Dr. Rogoff is also a faculty member at the Center for Informal Learning and Schools, CILS. The CILS was funded by the National Science Foundation in 2002 to conduct research on informal learning, science education infrastructure, and the connections between in and out of school science learning. Today, the research groups are focused on 1. theoretical work on the structure of informal learning distinguishing between “intent participation” involving collaborative participation between learners and experts and “assembly-line preparation” based on a hierarchical structure where there is no collaboration, 2. research on structures of learning settings in communities where school has not been prevalent and how these children learn outside of a school practice, and 3. research on informal learning in an innovative elementary school. This elementary school prioritizes learning through intent participation where both adults and children, including volunteer parents, collaborate in the learning process by organizing the curriculum according to the children’s interests instead of the traditional method. Dr. Rogoff says that one of the goals of the school is to teach children to have responsibility because this will make them want to learn. Allowing them to choose their activities will help them achieve that responsibility.

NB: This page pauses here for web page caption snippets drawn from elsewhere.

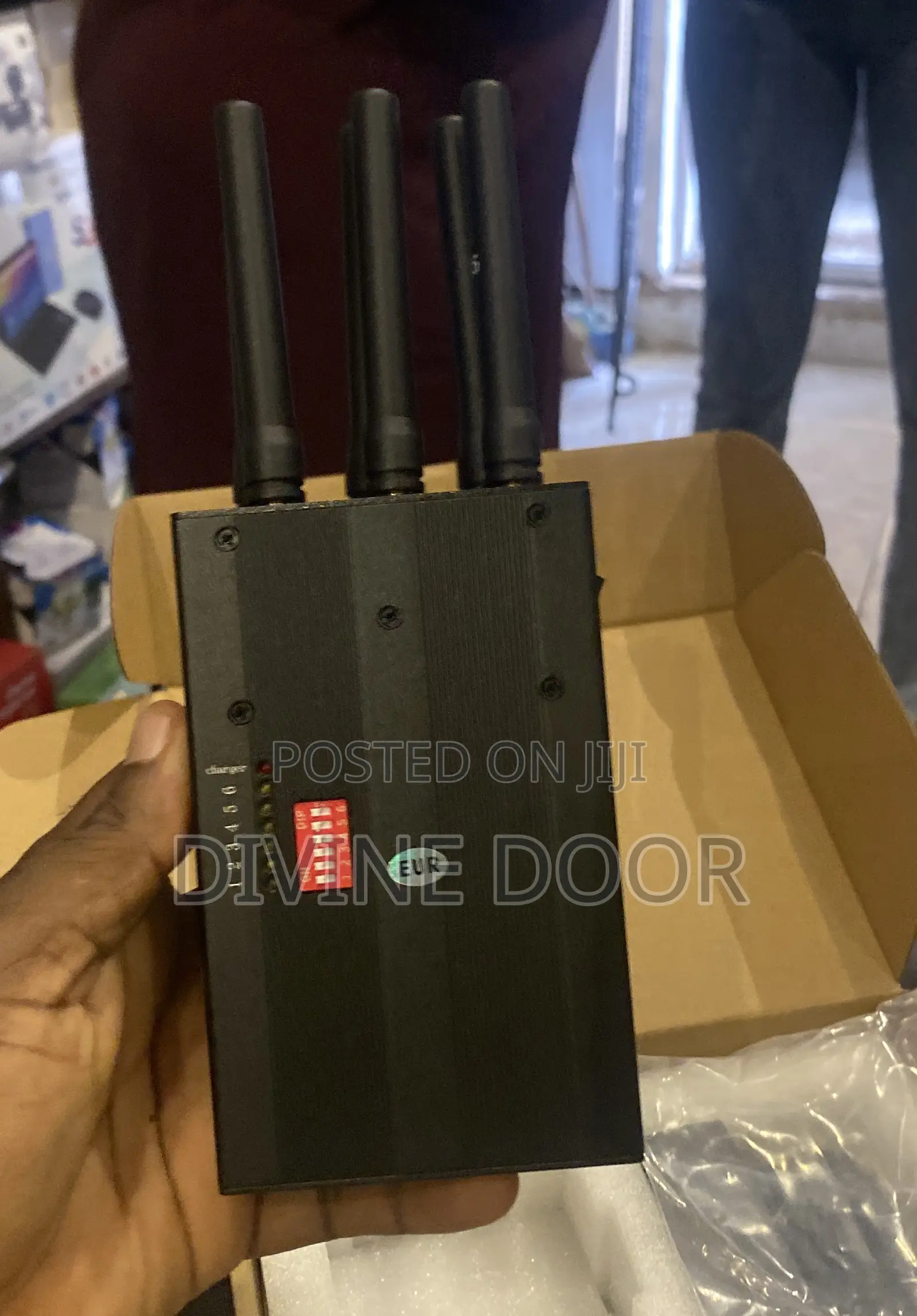 Network Jammer With 6 Poles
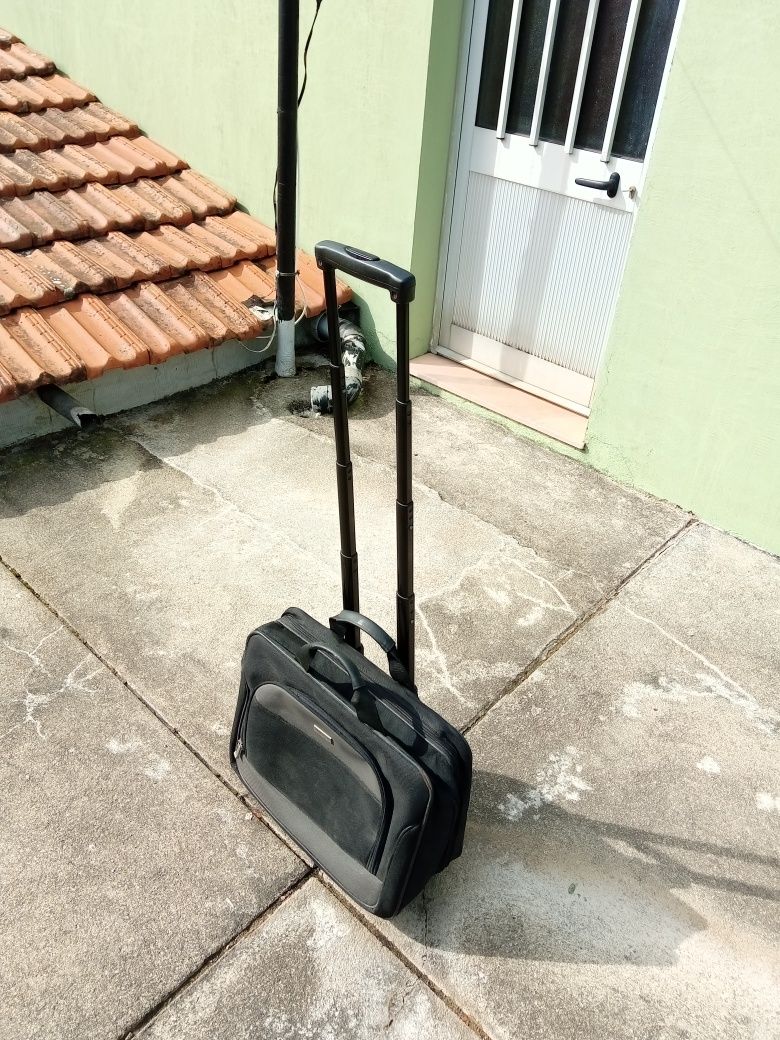 Mala viagem com rodas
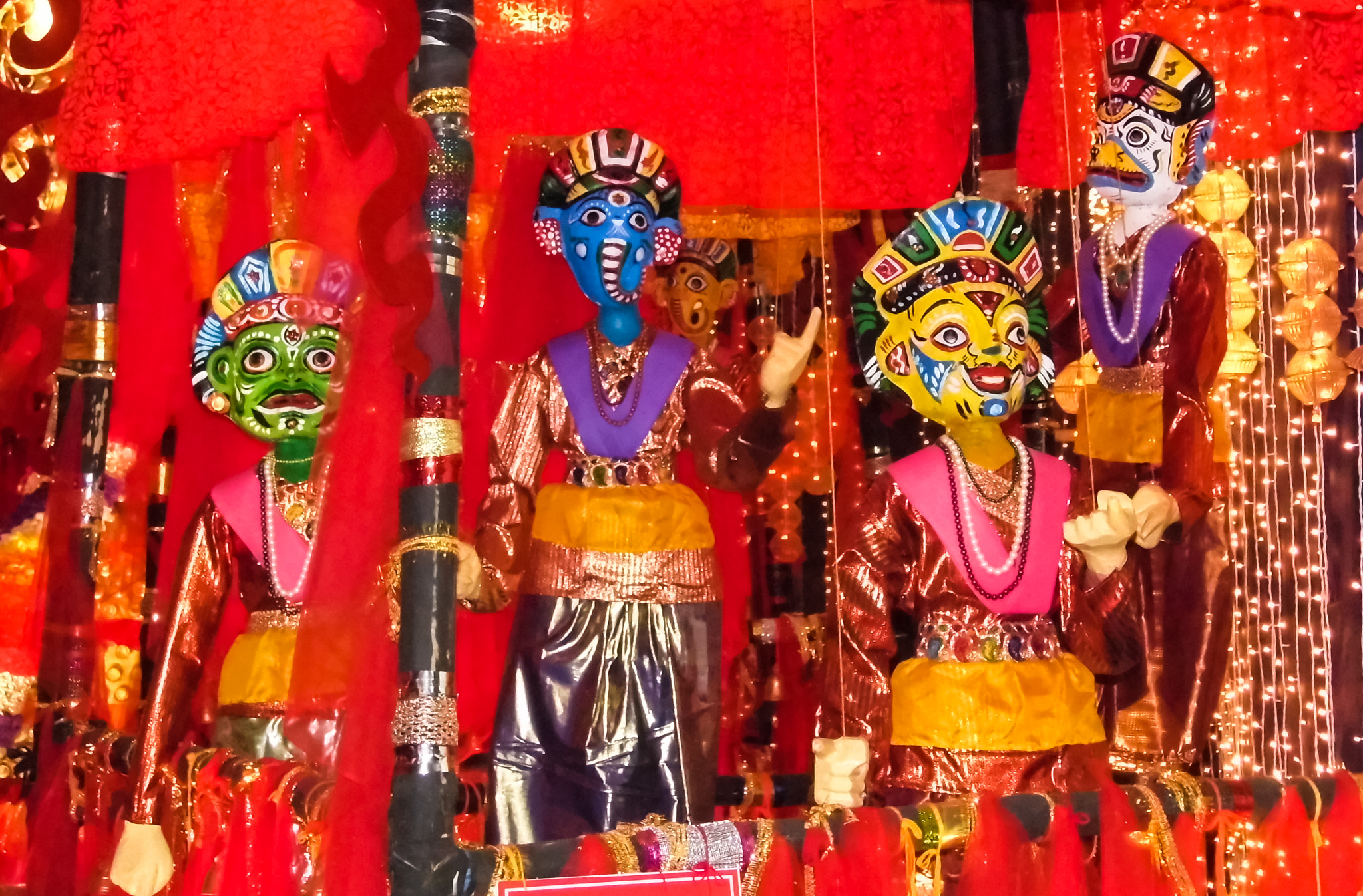 Panasonic Lumix DMC-LZ20 sample photo. Puppets... photography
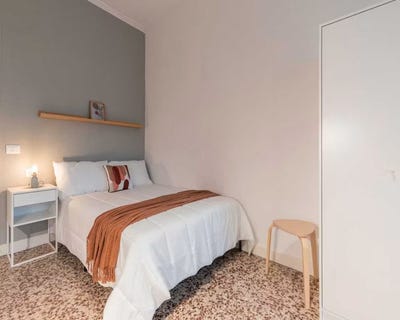 /international/it/piazza-carducci-turin-piedmont-310108456465/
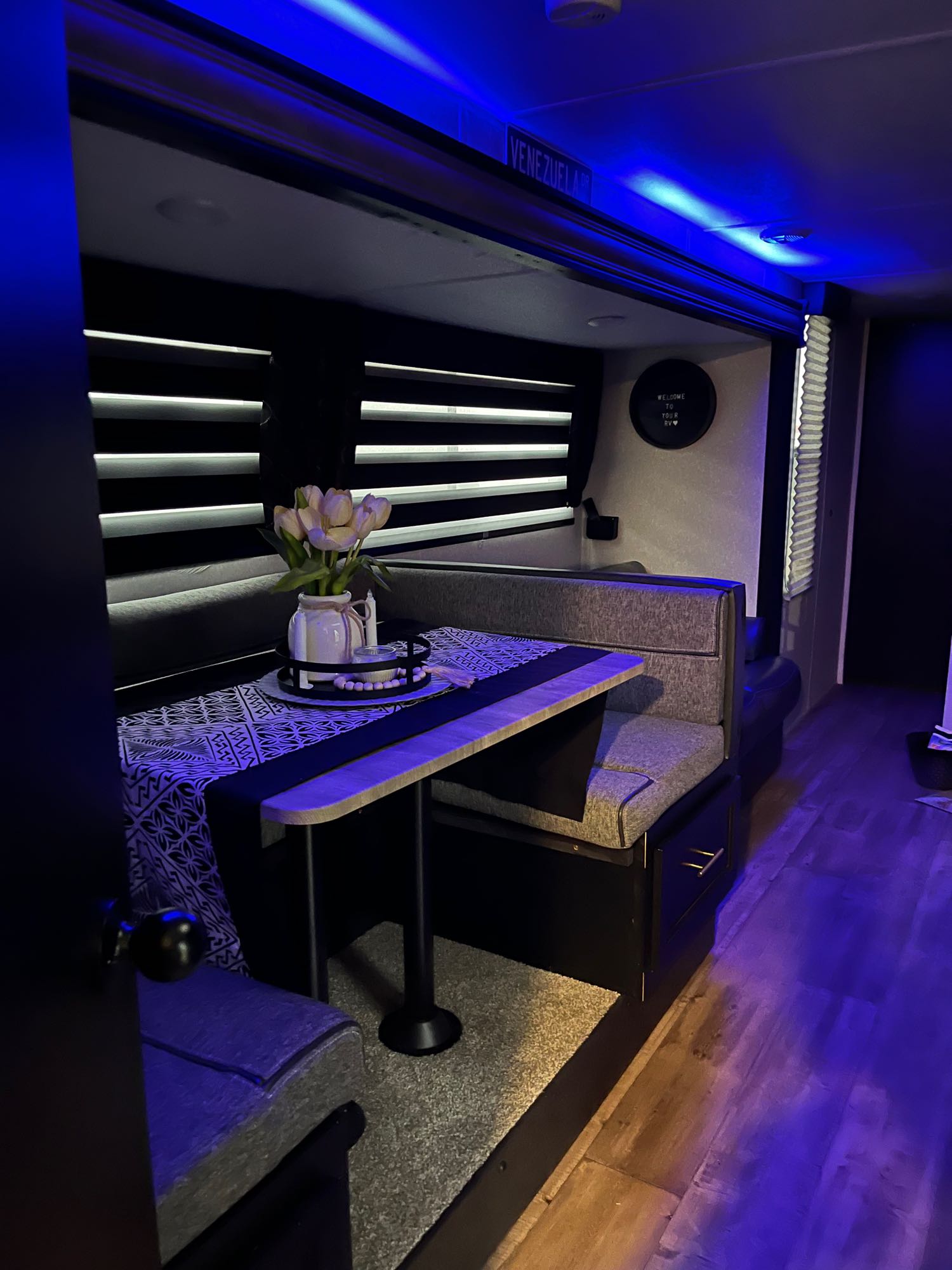 Travel trailer RV Rental 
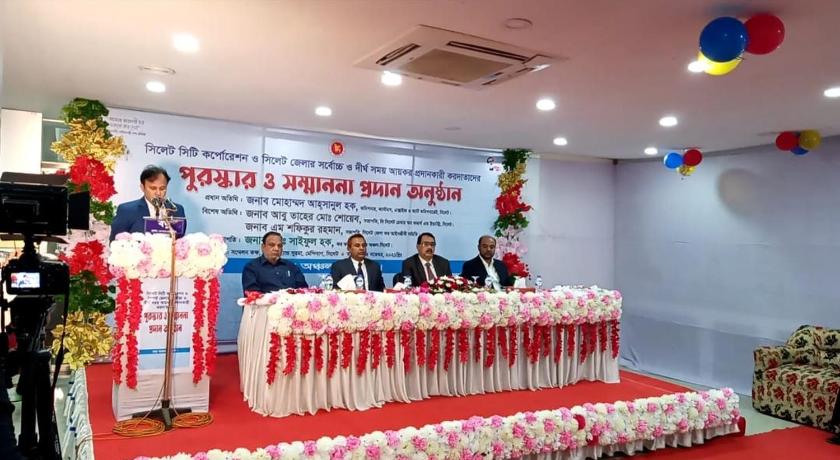 Grand Surma Hotel photo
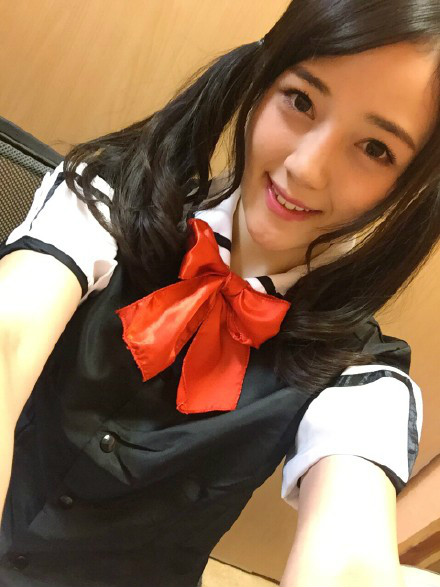  p>铃原爱蜜莉(日文名:铃原エミリ)是一位日本 a target="_blank"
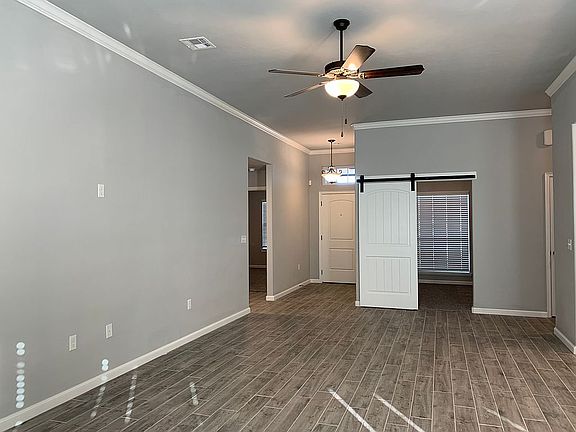 2nd image of 1001 Chestnut Creek Dr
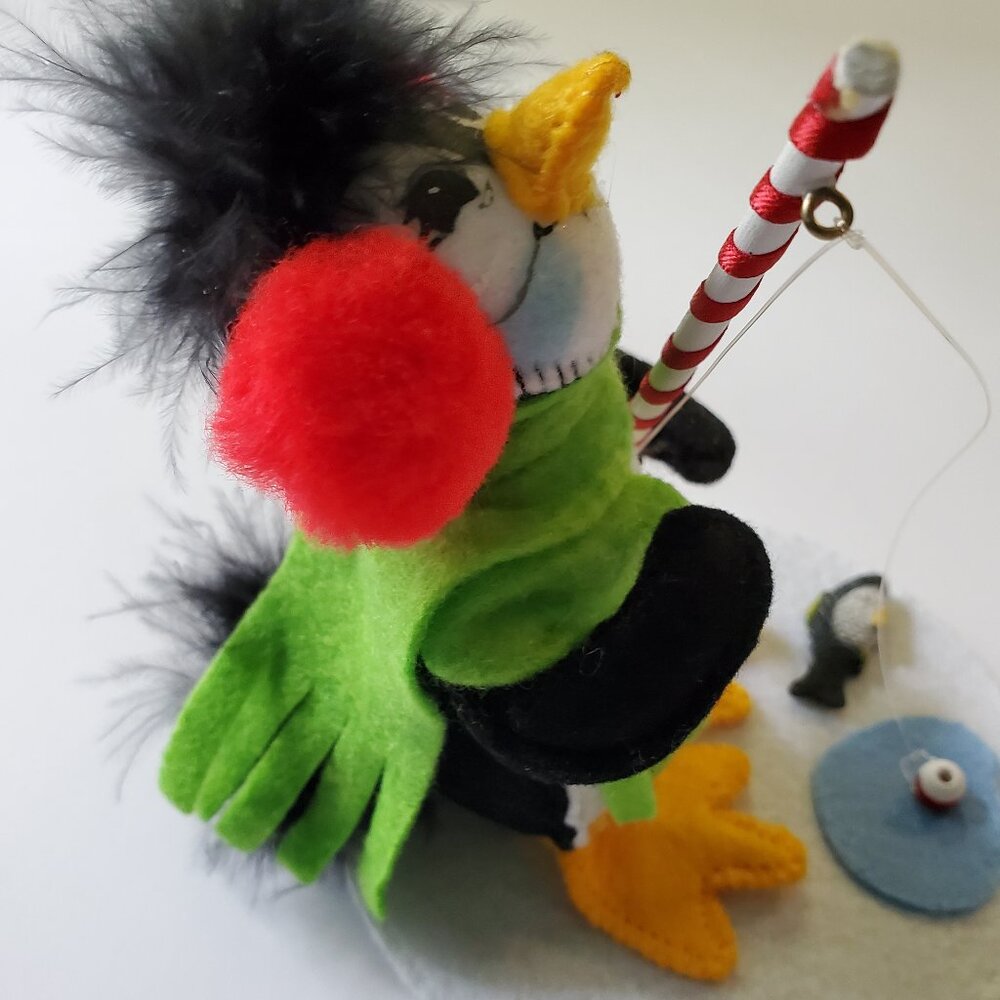 Annalee 2015 Jolly Lolli Ice Fishing Penguin - Picture 4 of 8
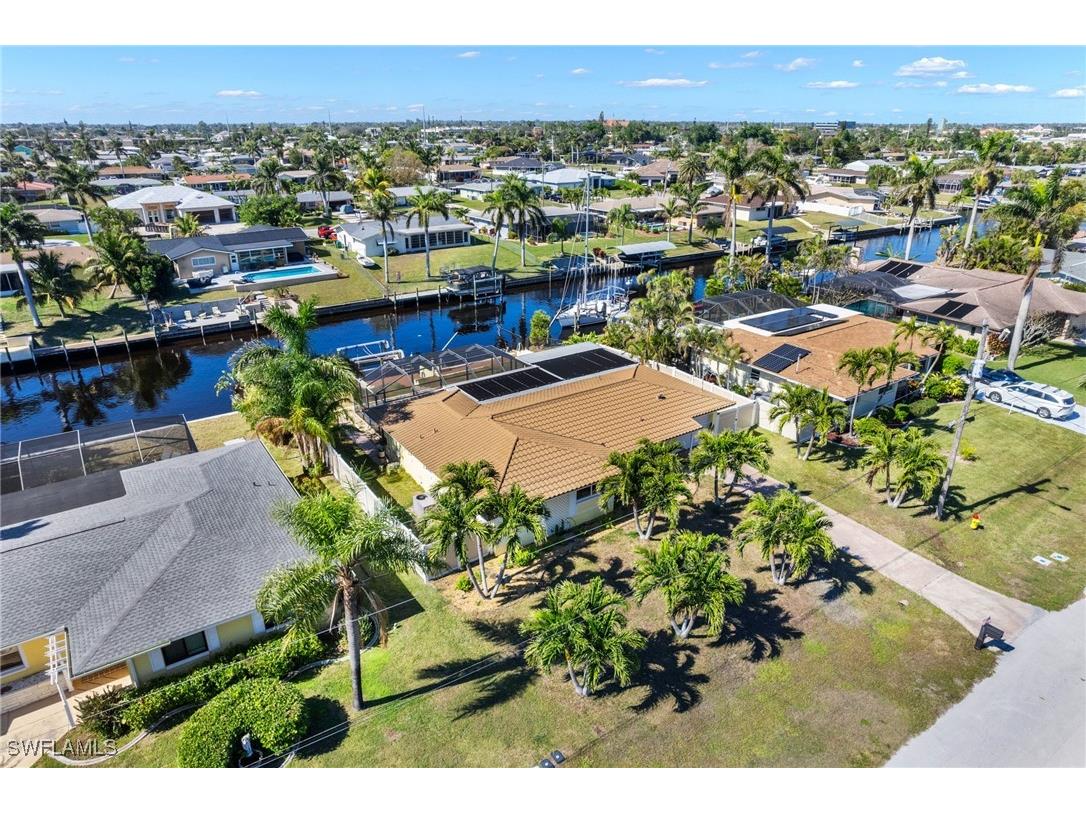 2824 SE 18th Court Cape Coral FL 33904 225011966 image1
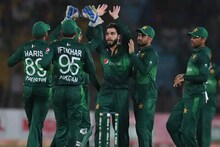 Pakistan vs England| മുഹമ്മദ് ഹഫീസ് അടക്കം പത്ത് പാക് താരങ്ങൾക്ക് COVID 19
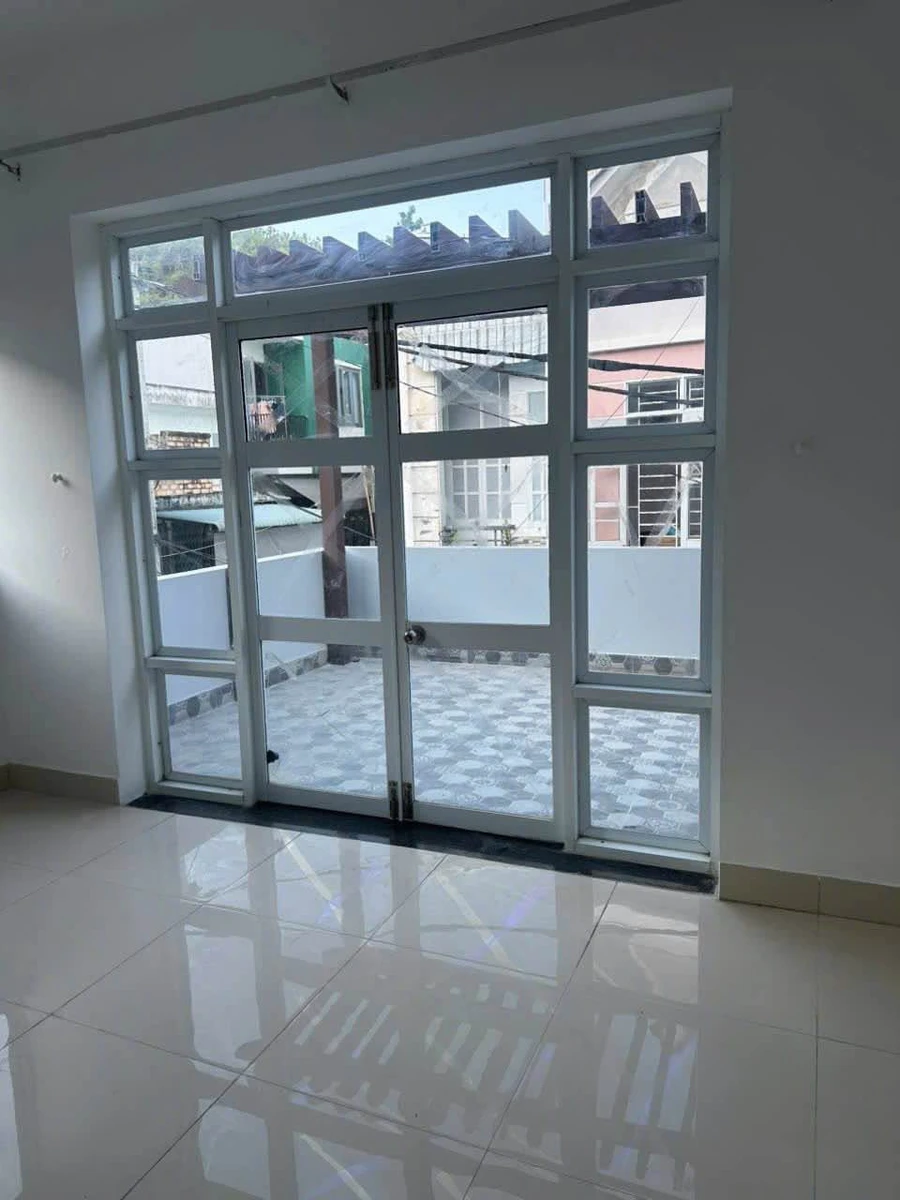 Bán nhà 2 mặt hẻm Hoàng Văn Thụ 44m2 - Ảnh thu nhỏ 3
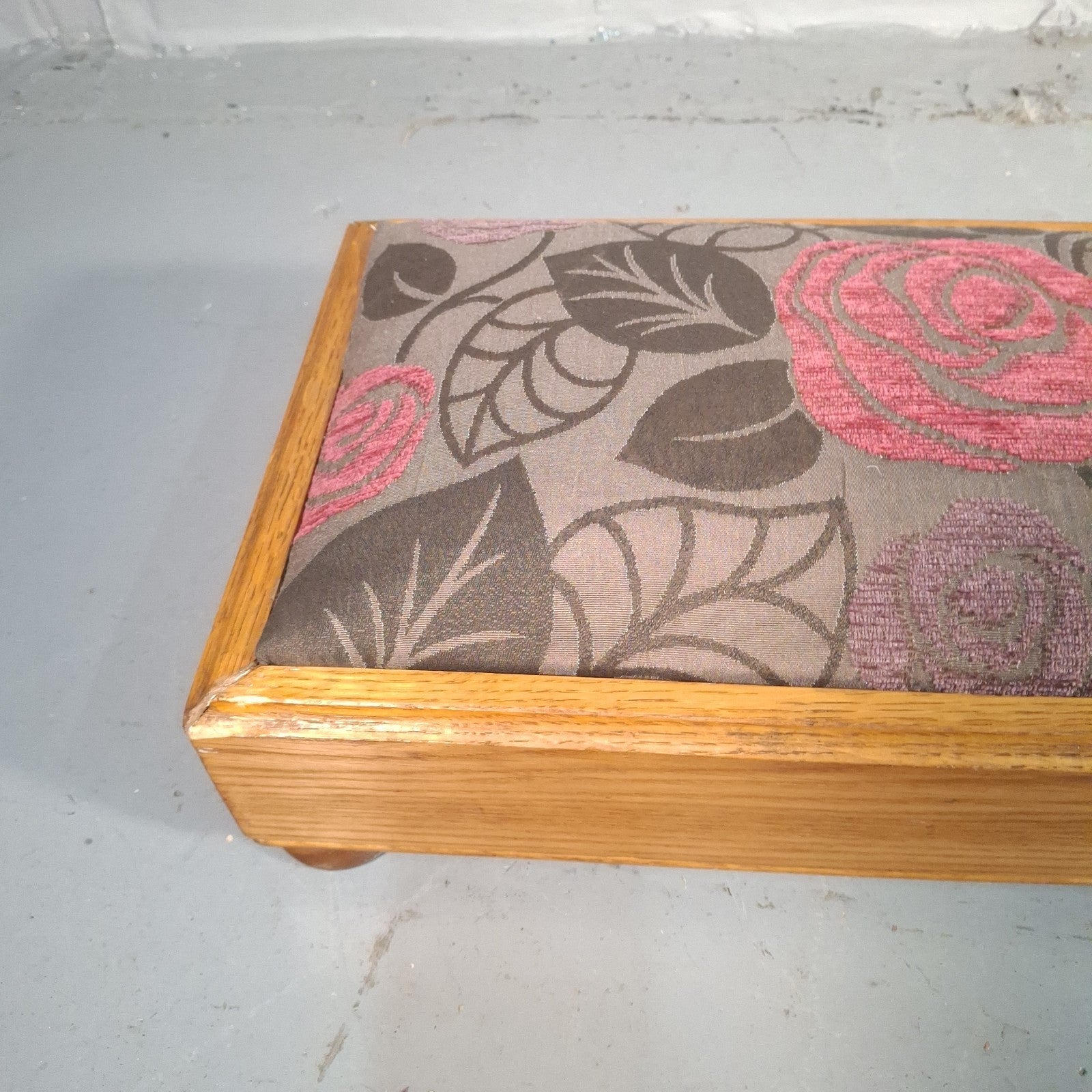 Kneeling Pad Prayer Stool Padded Removable Floral Top With Storage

An experiment that proved to be very helpful in developing mathematical skills was one in which the teacher asked the children to choose a topic that they were interested in. The children decided that they wanted to talk and work with the word pizza. They drew pizzas and divided them in pieces allowing the children to learn about fractions and other math concepts. Therefore, her research in this elementary school in Salt Lake City has proven to be very useful when considering teaching approaches in math, literacy, and other areas of the curriculum.

This theory focuses on what adults and children can do when they engage in a good learning experience. Allowing children to become more involved would certainly make a difference for those children who are extremely intelligent and the class curriculum bores them. Those children would benefit from this type of instruction because it would let them express themselves freely and this would keep them from any mischief which they tend to get into when they are not challenged. The only problem would be to get more parents to volunteer their time to interact with the classroom because the majority of the community cannot or will not volunteer because of work, school, etc.

Dr. Rogoff’s main focus is to get the community to become involved with their children. She emphasizes on the importance of adults and children learning together and how cultural processes are involved in all of children’s learning. According to Dr. Rogoff, the key to school reform, which many people desire, is to emphasize collaborative work between children, teachers, and parents.